(Pictures with short captions)
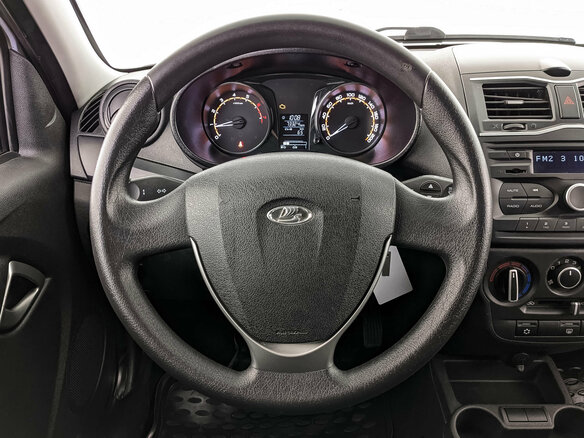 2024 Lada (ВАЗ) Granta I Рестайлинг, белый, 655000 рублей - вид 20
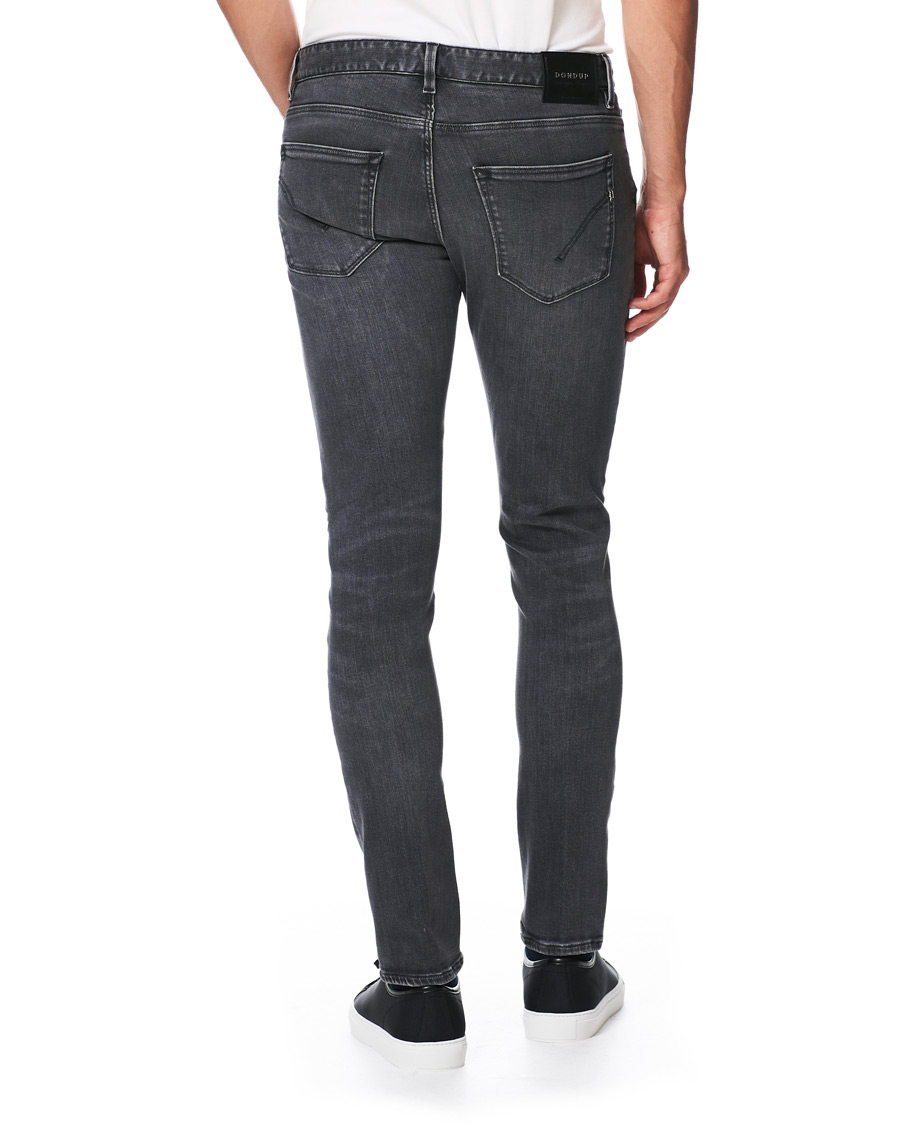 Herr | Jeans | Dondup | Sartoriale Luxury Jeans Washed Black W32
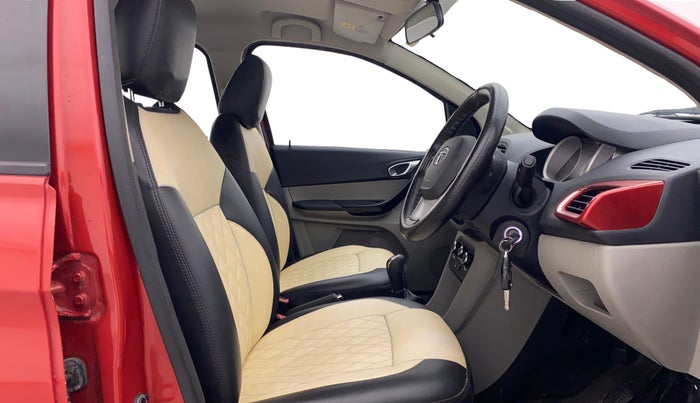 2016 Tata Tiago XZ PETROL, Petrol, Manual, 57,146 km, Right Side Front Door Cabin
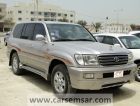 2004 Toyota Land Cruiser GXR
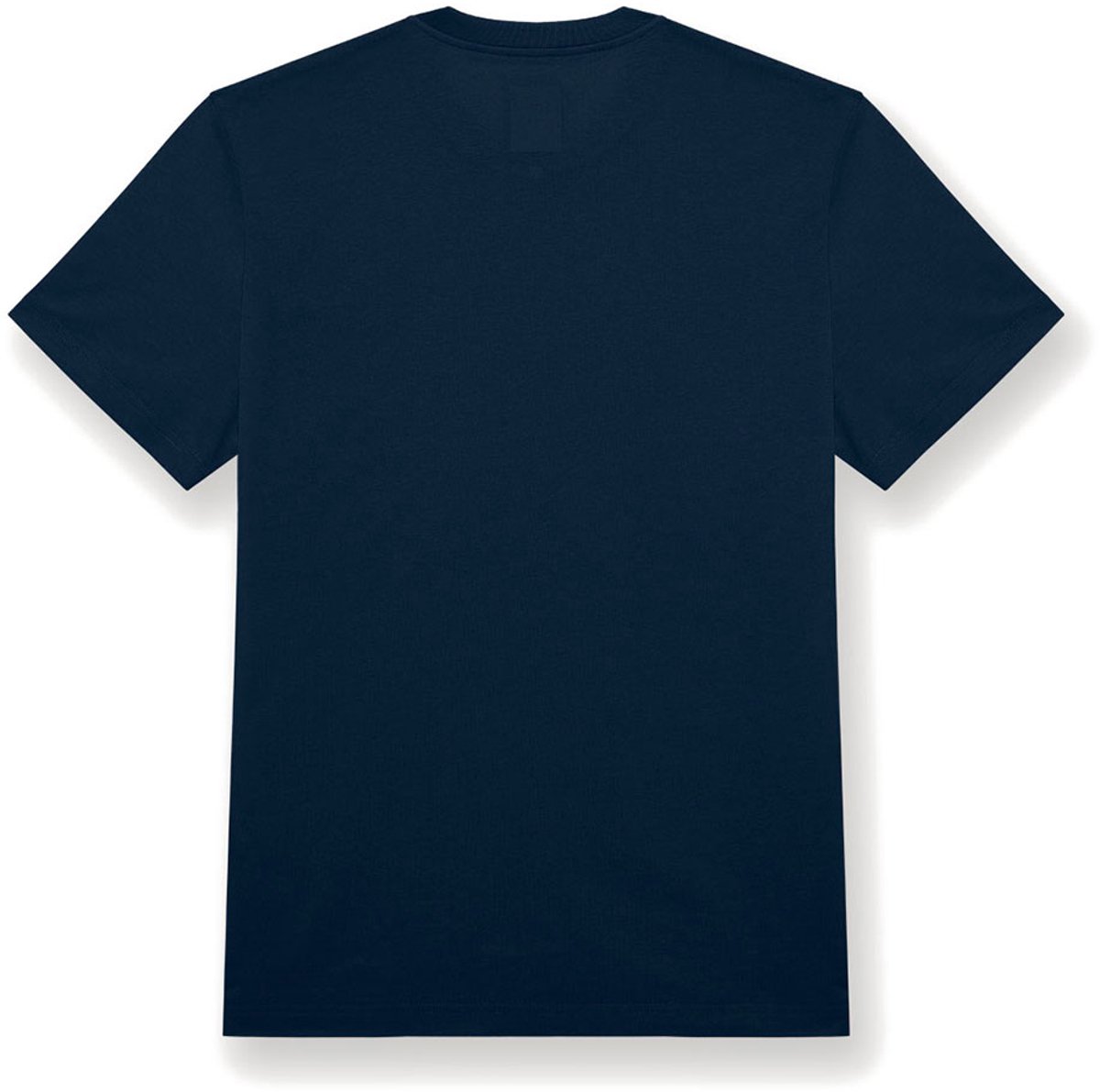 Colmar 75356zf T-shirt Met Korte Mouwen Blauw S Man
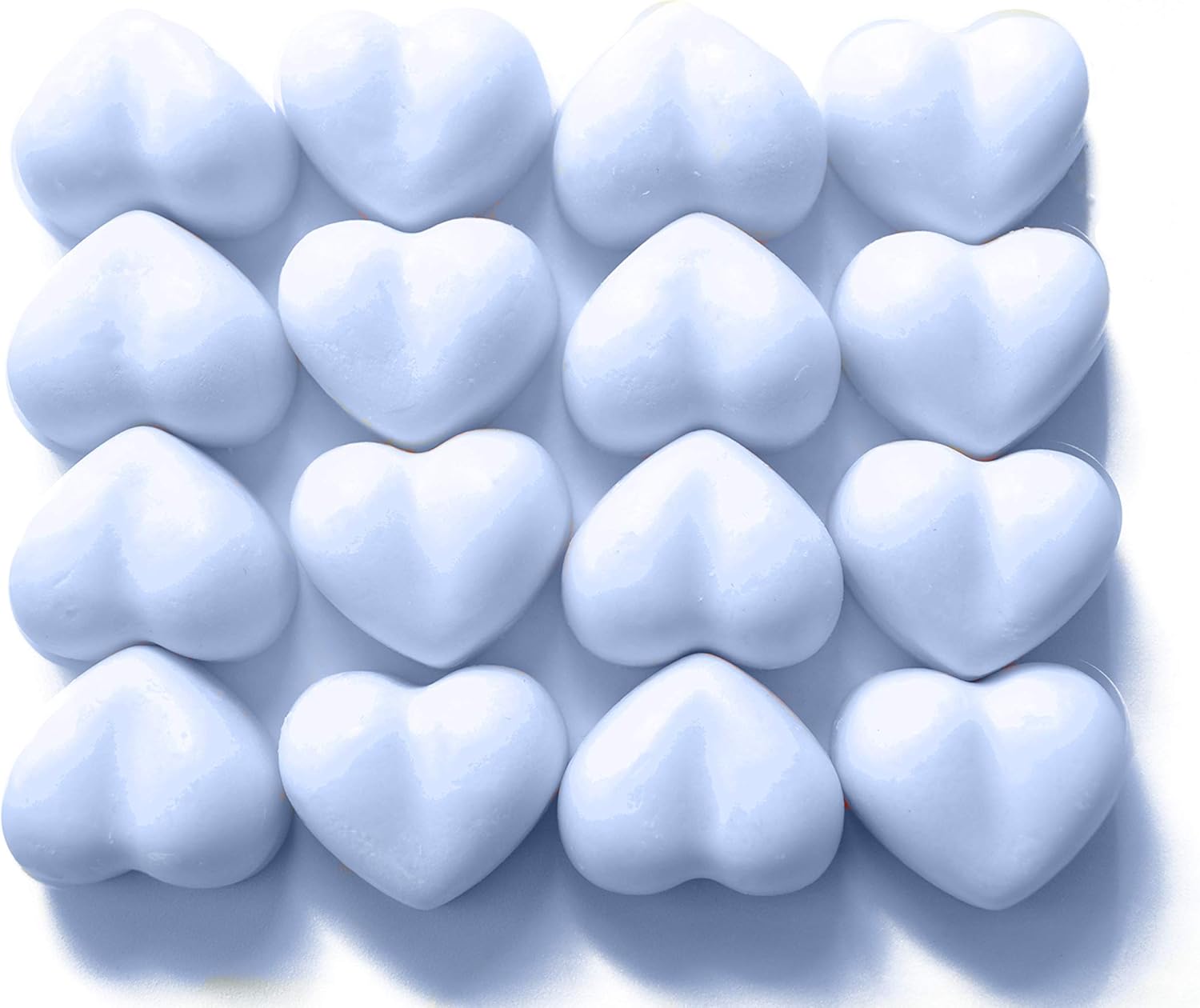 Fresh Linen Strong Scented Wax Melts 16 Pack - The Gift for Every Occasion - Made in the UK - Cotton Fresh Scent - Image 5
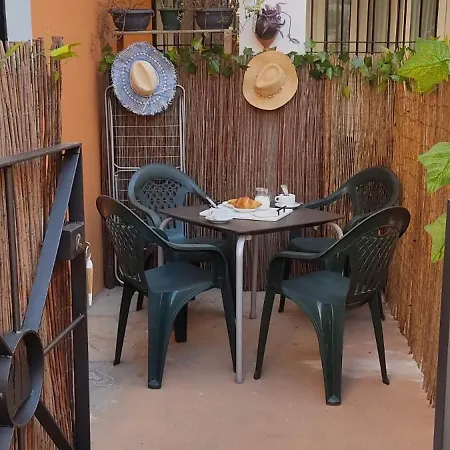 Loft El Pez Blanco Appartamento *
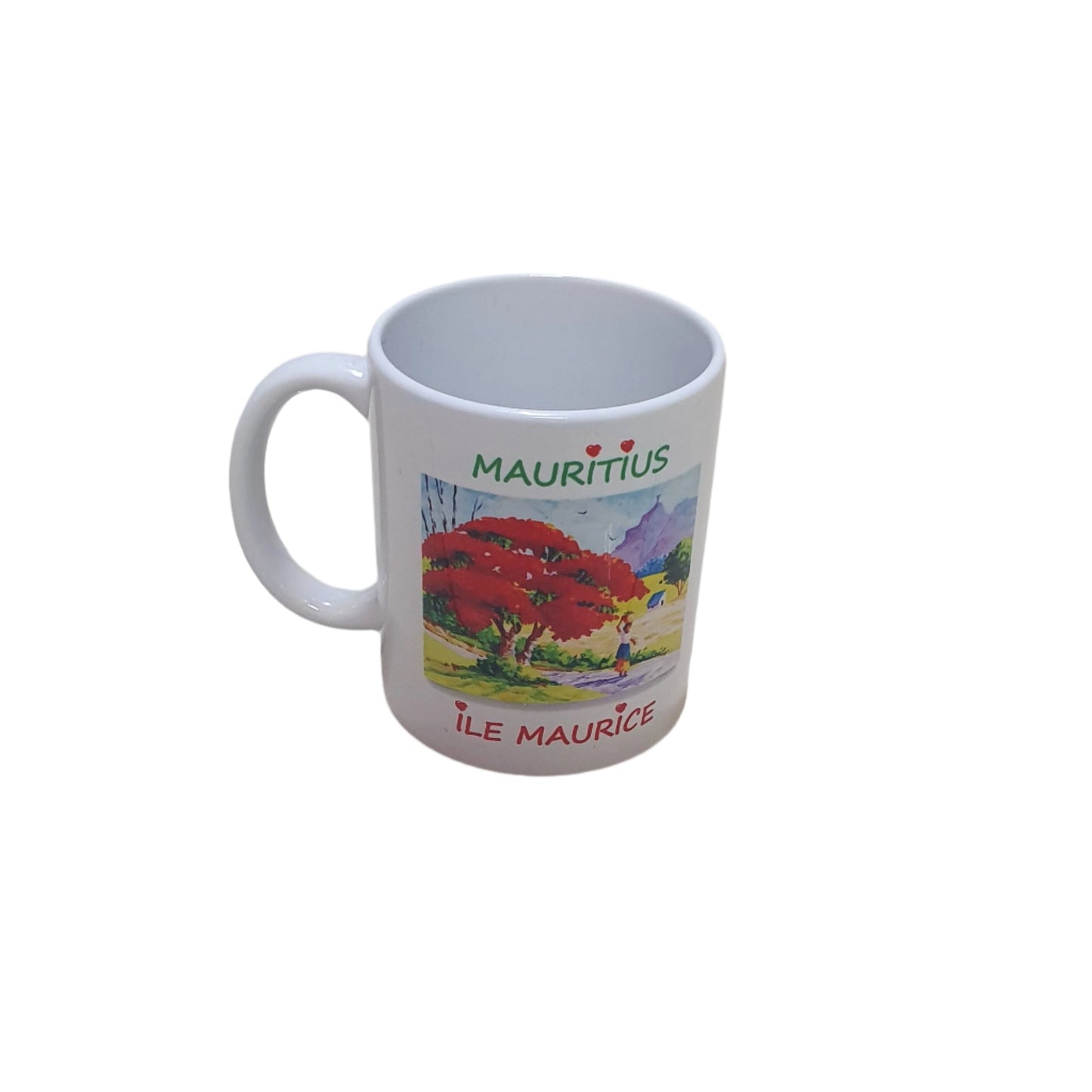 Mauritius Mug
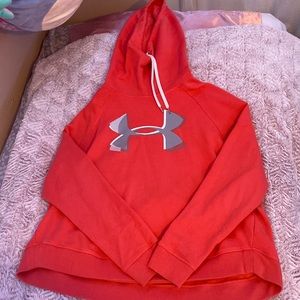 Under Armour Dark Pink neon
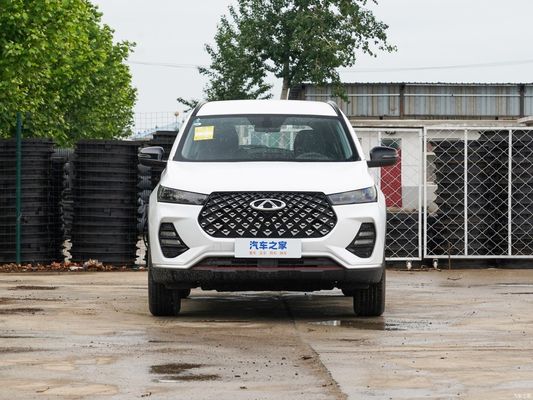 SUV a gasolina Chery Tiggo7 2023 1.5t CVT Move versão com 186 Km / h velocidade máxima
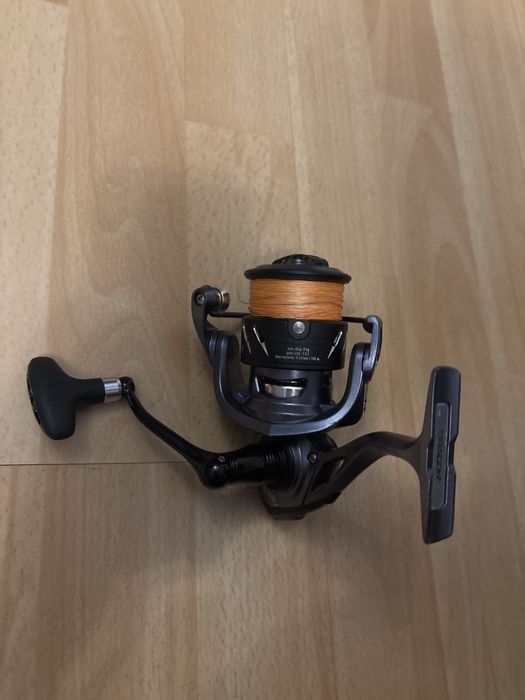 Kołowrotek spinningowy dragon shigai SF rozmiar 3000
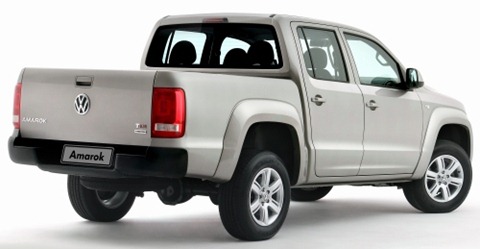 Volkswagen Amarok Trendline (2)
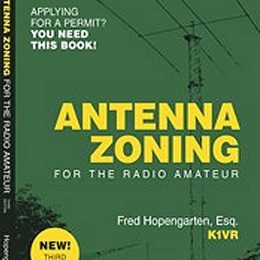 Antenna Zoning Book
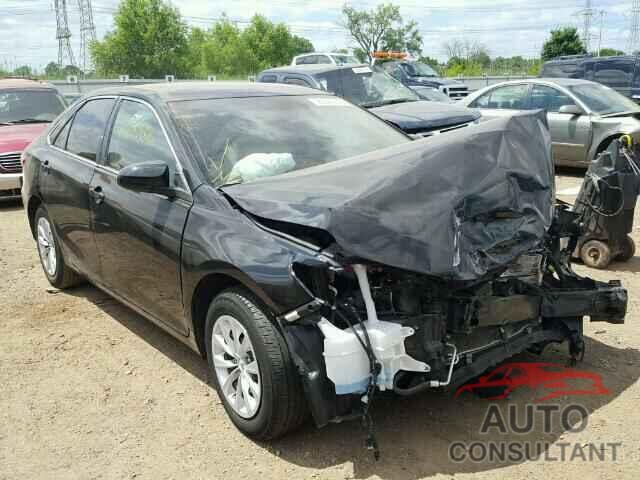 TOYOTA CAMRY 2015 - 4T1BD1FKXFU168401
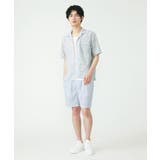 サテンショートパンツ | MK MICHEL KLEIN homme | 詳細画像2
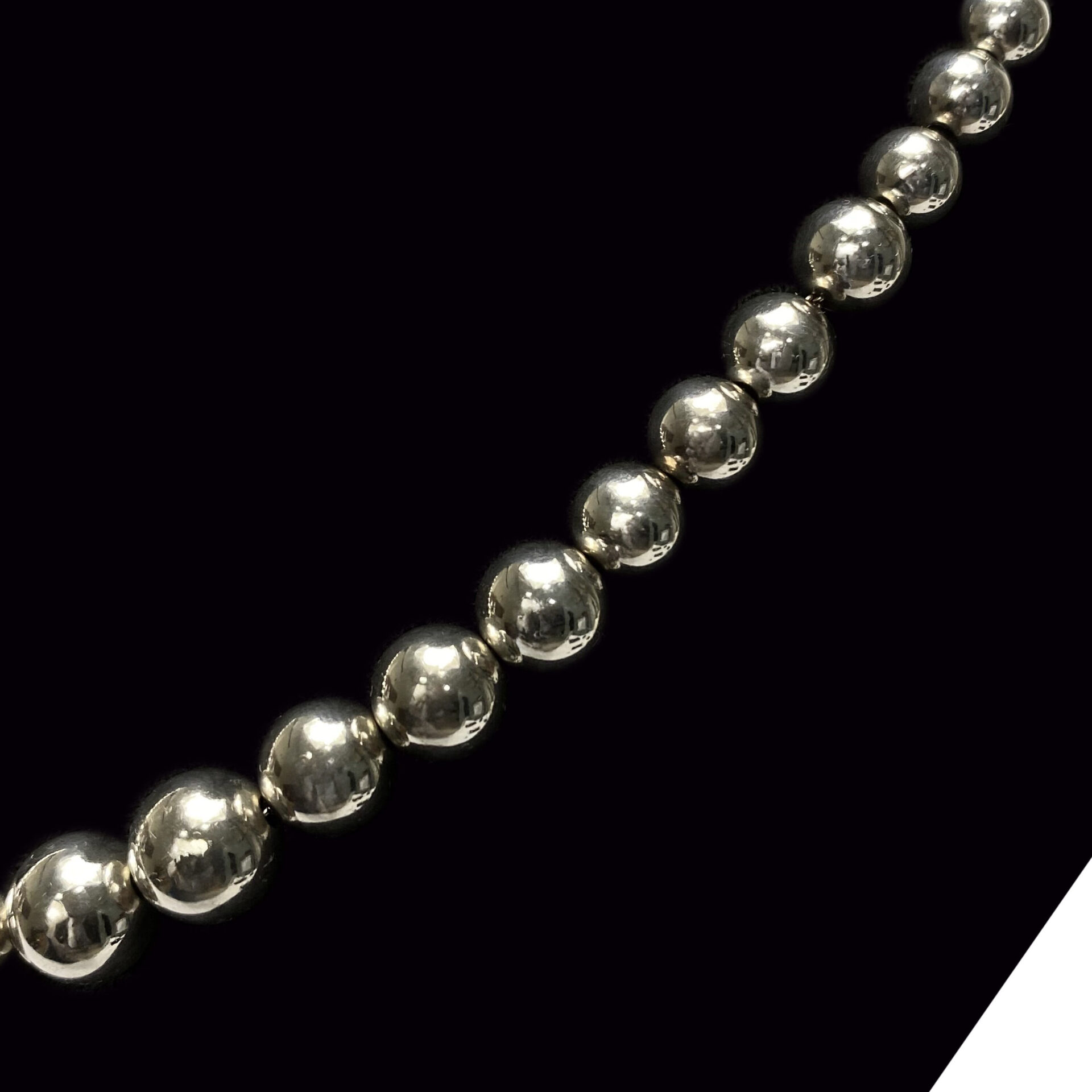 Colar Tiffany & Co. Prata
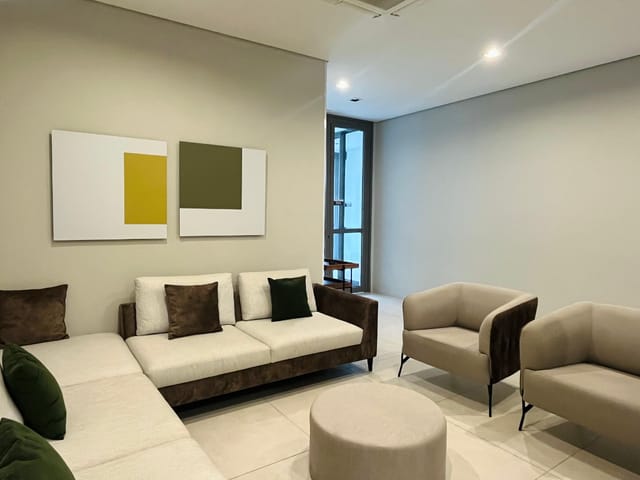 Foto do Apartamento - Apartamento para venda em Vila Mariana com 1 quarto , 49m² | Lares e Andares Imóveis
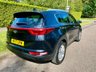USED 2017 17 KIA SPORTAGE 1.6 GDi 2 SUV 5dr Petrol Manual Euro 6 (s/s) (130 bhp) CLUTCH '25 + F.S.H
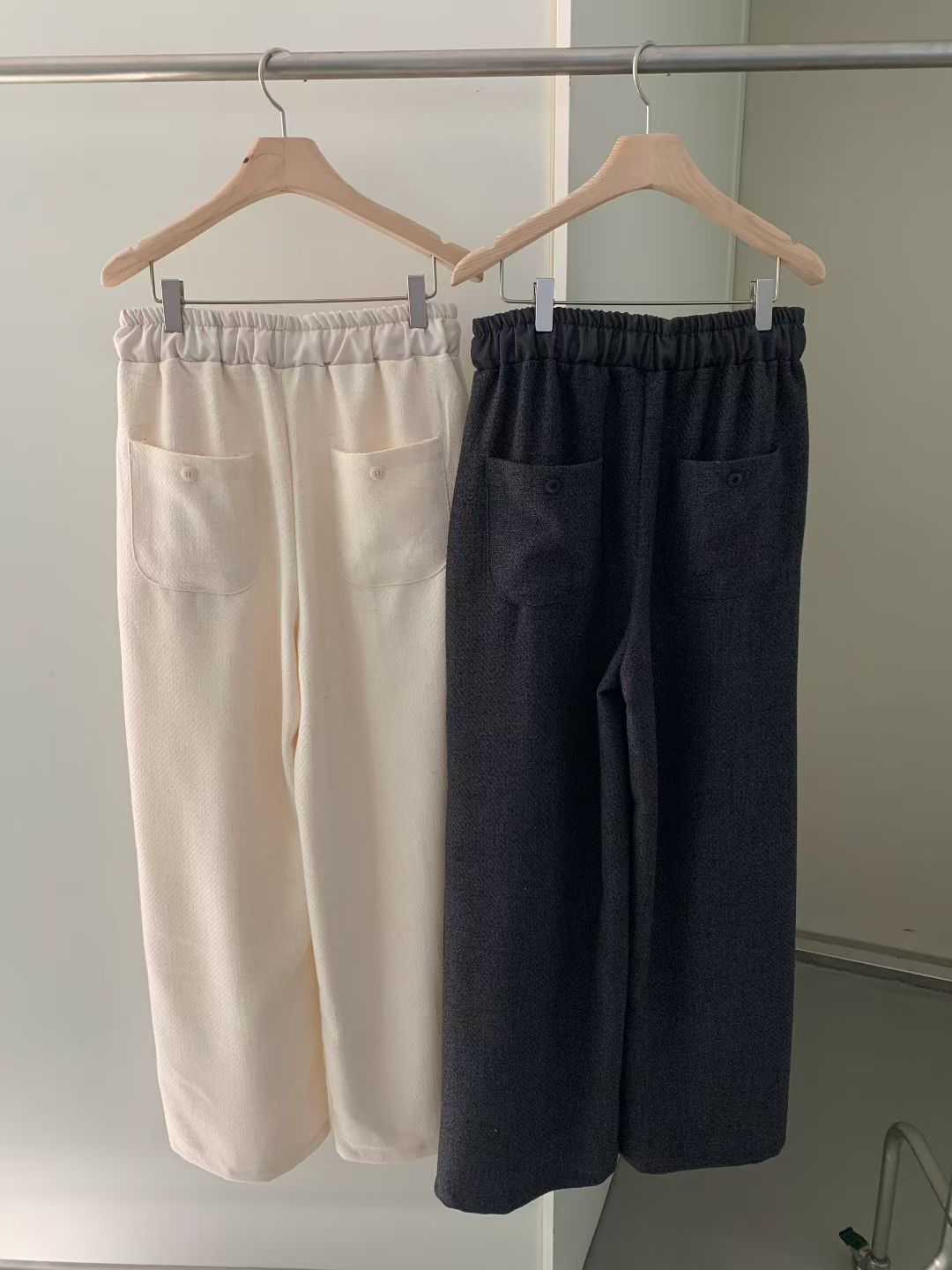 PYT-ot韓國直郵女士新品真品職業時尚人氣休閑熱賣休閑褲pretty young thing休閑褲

* _WORK REQUEST_
Given the entries above, transcribe exactly the lines from the one holding "SUV a gasolina" through the one holding "Foto do Apartamento"; pictures do not belong in the transcription.

* _YOUR SOLUTION_
 SUV a gasolina Chery Tiggo7 2023 1.5t CVT Move versão com 186 Km / h velocidade máxima
 Kołowrotek spinningowy dragon shigai SF rozmiar 3000
 Volkswagen Amarok Trendline (2)
 Antenna Zoning Book
 TOYOTA CAMRY 2015 - 4T1BD1FKXFU168401
 サテンショートパンツ | MK MICHEL KLEIN homme | 詳細画像2
 Colar Tiffany & Co. Prata
 Foto do Apartamento - Apartamento para venda em Vila Mariana com 1 quarto , 49m² | Lares e Andares Imóveis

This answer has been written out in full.